TASK GOAL: Return all the records, each one exactly as given.

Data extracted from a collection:
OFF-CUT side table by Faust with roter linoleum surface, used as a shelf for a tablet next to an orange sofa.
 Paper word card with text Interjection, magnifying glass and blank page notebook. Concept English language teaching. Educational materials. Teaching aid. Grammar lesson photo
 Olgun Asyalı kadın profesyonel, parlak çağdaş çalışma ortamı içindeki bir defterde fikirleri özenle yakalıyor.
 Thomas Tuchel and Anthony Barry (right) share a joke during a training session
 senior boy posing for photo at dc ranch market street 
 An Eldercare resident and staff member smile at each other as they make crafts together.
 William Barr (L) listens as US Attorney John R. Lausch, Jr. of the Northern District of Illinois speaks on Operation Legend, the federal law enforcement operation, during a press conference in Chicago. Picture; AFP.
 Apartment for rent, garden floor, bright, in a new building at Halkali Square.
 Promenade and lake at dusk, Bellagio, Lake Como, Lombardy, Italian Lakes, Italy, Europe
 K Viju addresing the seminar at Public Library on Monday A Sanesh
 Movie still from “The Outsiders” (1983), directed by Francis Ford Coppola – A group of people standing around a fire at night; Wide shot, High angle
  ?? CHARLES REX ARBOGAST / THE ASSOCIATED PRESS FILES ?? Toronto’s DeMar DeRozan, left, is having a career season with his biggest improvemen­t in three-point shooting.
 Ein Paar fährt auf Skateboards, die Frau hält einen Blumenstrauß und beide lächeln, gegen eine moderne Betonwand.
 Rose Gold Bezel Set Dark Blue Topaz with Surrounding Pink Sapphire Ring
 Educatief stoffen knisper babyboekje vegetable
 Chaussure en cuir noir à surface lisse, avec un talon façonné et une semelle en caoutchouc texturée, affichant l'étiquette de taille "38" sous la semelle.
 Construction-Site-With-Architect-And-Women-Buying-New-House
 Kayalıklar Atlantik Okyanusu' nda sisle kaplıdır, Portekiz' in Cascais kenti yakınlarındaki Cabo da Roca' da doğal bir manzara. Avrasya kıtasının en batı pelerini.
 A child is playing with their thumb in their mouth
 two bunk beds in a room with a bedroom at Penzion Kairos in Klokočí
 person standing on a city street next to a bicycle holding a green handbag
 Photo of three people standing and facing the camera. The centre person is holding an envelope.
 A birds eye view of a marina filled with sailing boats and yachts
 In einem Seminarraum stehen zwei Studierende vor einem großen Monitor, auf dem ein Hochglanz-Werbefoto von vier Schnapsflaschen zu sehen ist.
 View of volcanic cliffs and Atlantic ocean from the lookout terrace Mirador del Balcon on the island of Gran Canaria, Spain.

THE ANSWER:
OFF-CUT side table by Faust with roter linoleum surface, used as a shelf for a tablet next to an orange sofa.
 Paper word card with text Interjection, magnifying glass and blank page notebook. Concept English language teaching. Educational materials. Teaching aid. Grammar lesson photo
 Olgun Asyalı kadın profesyonel, parlak çağdaş çalışma ortamı içindeki bir defterde fikirleri özenle yakalıyor.
 Thomas Tuchel and Anthony Barry (right) share a joke during a training session
 senior boy posing for photo at dc ranch market street 
 An Eldercare resident and staff member smile at each other as they make crafts together.
 William Barr (L) listens as US Attorney John R. Lausch, Jr. of the Northern District of Illinois speaks on Operation Legend, the federal law enforcement operation, during a press conference in Chicago. Picture; AFP.
 Apartment for rent, garden floor, bright, in a new building at Halkali Square.
 Promenade and lake at dusk, Bellagio, Lake Como, Lombardy, Italian Lakes, Italy, Europe
 K Viju addresing the seminar at Public Library on Monday A Sanesh
 Movie still from “The Outsiders” (1983), directed by Francis Ford Coppola – A group of people standing around a fire at night; Wide shot, High angle
  ?? CHARLES REX ARBOGAST / THE ASSOCIATED PRESS FILES ?? Toronto’s DeMar DeRozan, left, is having a career season with his biggest improvemen­t in three-point shooting.
 Ein Paar fährt auf Skateboards, die Frau hält einen Blumenstrauß und beide lächeln, gegen eine moderne Betonwand.
 Rose Gold Bezel Set Dark Blue Topaz with Surrounding Pink Sapphire Ring
 Educatief stoffen knisper babyboekje vegetable
 Chaussure en cuir noir à surface lisse, avec un talon façonné et une semelle en caoutchouc texturée, affichant l'étiquette de taille "38" sous la semelle.
 Construction-Site-With-Architect-And-Women-Buying-New-House
 Kayalıklar Atlantik Okyanusu' nda sisle kaplıdır, Portekiz' in Cascais kenti yakınlarındaki Cabo da Roca' da doğal bir manzara. Avrasya kıtasının en batı pelerini.
 A child is playing with their thumb in their mouth
 two bunk beds in a room with a bedroom at Penzion Kairos in Klokočí
 person standing on a city street next to a bicycle holding a green handbag
 Photo of three people standing and facing the camera. The centre person is holding an envelope.
 A birds eye view of a marina filled with sailing boats and yachts
 In einem Seminarraum stehen zwei Studierende vor einem großen Monitor, auf dem ein Hochglanz-Werbefoto von vier Schnapsflaschen zu sehen ist.
 View of volcanic cliffs and Atlantic ocean from the lookout terrace Mirador del Balcon on the island of Gran Canaria, Spain.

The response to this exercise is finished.